Fox’s Faith-Based Acquisition

Media conglomerate News Corp. yesterday said it’s planning to acquire Beliefnet, the world’s largest community site built around religion and spirituality.

News Corp. is hoping that its latest acquisition will provide the media giant with an online venue to promote its existing faith-based businesses, as well as another platform for content distribution and advertising revenue.

Terms were not disclosed in the deal, which will see the site being added to News Corp.’s Fox Entertainment Group (FEG) unit.

According to a Fox statement, the unit plans to roll Beliefnet into its growing digital media division, which promotes the company’s television and film businesses online.

Beliefnet aims to provide a forum for a thoughtful and tolerant exchange of spiritual ideas. The site includes discussion groups on a number of topics relating to spirituality, including prayer, meditation, major religions and the “God-O-Meter,” where blogger Dan Gilgoff weighs in on the presidential candidates’ invoking of the Almighty in their campaign rhetoric.

On a blog posting on Beliefnet’s site, Editor-in-Chief Steve Walden responded to readers’ complaints about the merger, reminding them of Fox’s other faith-related assets, such as the religious book publishers Zondervan and HarperOne and the Fox Faith unit that produces spirituality-based films.

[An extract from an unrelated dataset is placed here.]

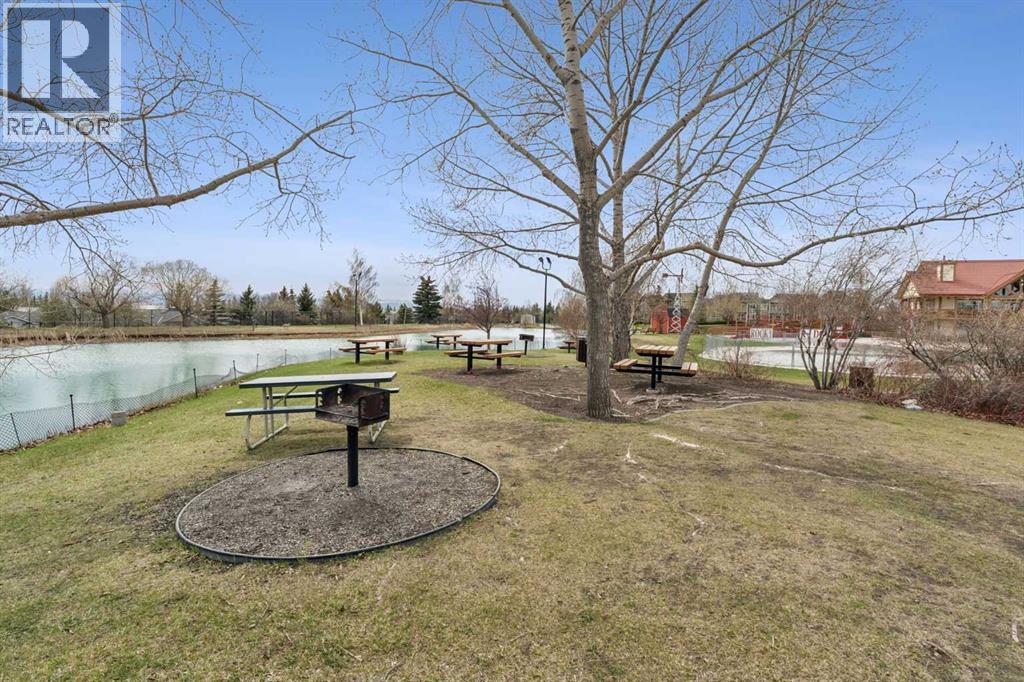 11, 15 Rocky Ridge Gate NW, Calgary, Alberta  T3G 4P6 - Photo 40 - A2307696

Walden also said that Beliefnet for years had been approached by suitors looking to acquire the site. He added that it chose to remain independent until now because none of those earlier bidders would have been able to help the site better meet its mission.

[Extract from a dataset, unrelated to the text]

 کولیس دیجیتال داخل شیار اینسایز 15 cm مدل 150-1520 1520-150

“We created Beliefnet primarily to make a difference, not a killing,” Walden wrote. “As I explored the possibilities with News Corp., it became clear that, with their help, Beliefnet would be able to take [a] quantum leap in what we do.”

“The best spiritual and religious teachers — from [evangelical minister and author] Rick Warren to the Dalai Lama — pass through News Corp. doors,” he added. “News Corp.’s reach is enormous. Its proficiency in the areas of video, social networking and media in general is unsurpassed.”

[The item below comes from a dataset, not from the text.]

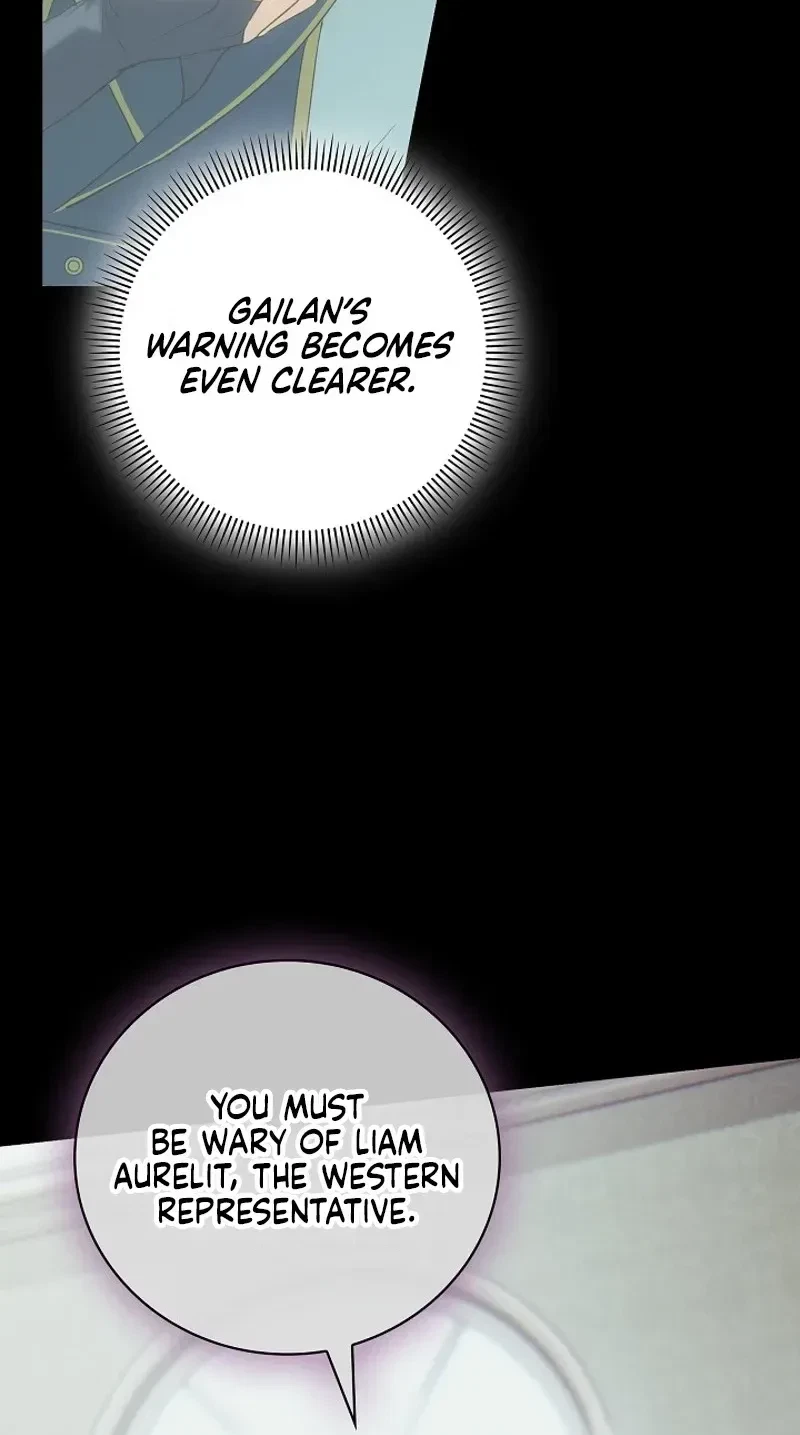 Chapter 20, page 9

Walden’s effort to reassure Beliefnet members about the acquisition may have fallen on a few deaf ears, however, as some members fired back at the deal in a comment thread.

“All it means is more in-your-face ads, spam in your mailbox and some corporate types who think spirituality is a commodity that’s bought and sold on the 50th floor of some office tower run by caffeine addicts who whine about ratings,” one member wrote this morning under the handle “Capt-Kirk”.